The appeal
The appeal
This Tribunal granted the appellant permission to appeal on the single ground that the FTT had been wrong to find that the Lease failed to make satisfactory provision for the repair or maintenance of Flat 1, or that responsibility for the repair of the roof was unclear.
Mr Mullin and Mr Clarke agreed that the question whether a lease failed to make satisfactory provision for any of the matters in section 35(2) should be determined by reference to the circumstances existing at the date of determination, and not at the date it was originally granted. In Brickfield Properties Ltd v Botten [2013] UKUT 133 (LC), the Tribunal (HHJ Huskinson) recognised that a relevant defect need not yet have caused a problem, anticipating the possibility that “the drafting of a lease plus the circumstances which arise in that particular case combine together to produce a situation where it is foreseen that at some future date there will arise a defect in the lease which is not presently apparent”.
In support of the appeal, Mr Mullin submitted that the flat roof of Flat 1 was plainly part of the Reserved Property when the Deed of Variation was entered into in 1994. That had been common ground between the parties. It was within the words of the Second Schedule (“the external main structural parts of the Building forming part of the Property including the roofs foundations and external parts” and “the joists or beams to which are attached any ceiling except where the said joists or beams also supported the floor of a Flat”). The roofs of the building were expressly excluded from the demised premises and the flat roof did not cease to be excluded because the Hancocks had made use of it. When the Deed of Variation was entered into in 1994 the flat roof was not being used as a terrace for the benefit of Flat 5. Its use as a terrace since 2002 did not alter what was demised by the lease of Flat 5 or what was reserved to the appellant. The joists or beams which supported the ceiling of the extension did not support the floor of Flat 5, they supported only the flat roof which could not sensibly be described as a floor. A floor was an internal feature. The effect of the Lease was therefore that the appellant was obliged by paragraph 6 of Sixth Schedule to keep in repair the Reserved Property, including the roof terrace and the joists which support it.
Mr Mullin suggested that the fact that the extension was not included in the Lease plan was of no significance because the plan, which was incorporated into the Deed of Variation in 1994, was described as being for the purposes of identification only and did not prevail over the express terms of the Lease.
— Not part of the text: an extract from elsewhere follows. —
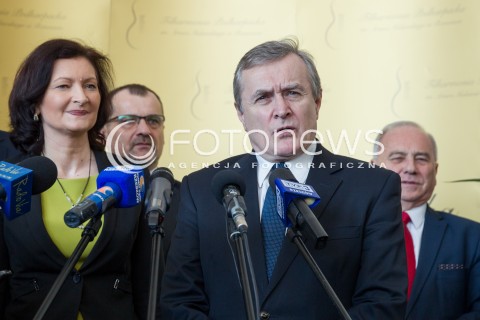  31.03.2017 RZESZOW<br />PODPISANIE UMOWY NA WSPOLPROWADZENIE FILHARMONII PODKARPACKIEJ IM. A. MALAWSKIEGO PRZEZ MINISTERSTWO KULTURY I DZIEDZICTWA NARODOWEGO<br />N/Z PIOTR GLINSKI - MINISTER KULTURY WICEPREMIER (C), EWA LENIART (L)<br />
There was no ambiguity about whether the flat roof was within the demise of Flat 5; that had never been suggested by the appellant. Nor was there ambiguity about the features which had been added to the roof by the Hancocks; the appellant’s repairing obligation extended to the Reserved Property “and all fixtures and fittings therein and additions thereto”.
Mr Clarke submitted that there was no error in the FTT’s assessment. The uncertainty over the status of the extension and the rights and obligations of the parties was clear and had given rise to the dispute. The FTT’s variation was consistent with the position eventually agreed between the parties, but the consensus might not continue, especially in the event of an assignment of one of the leases or the freehold.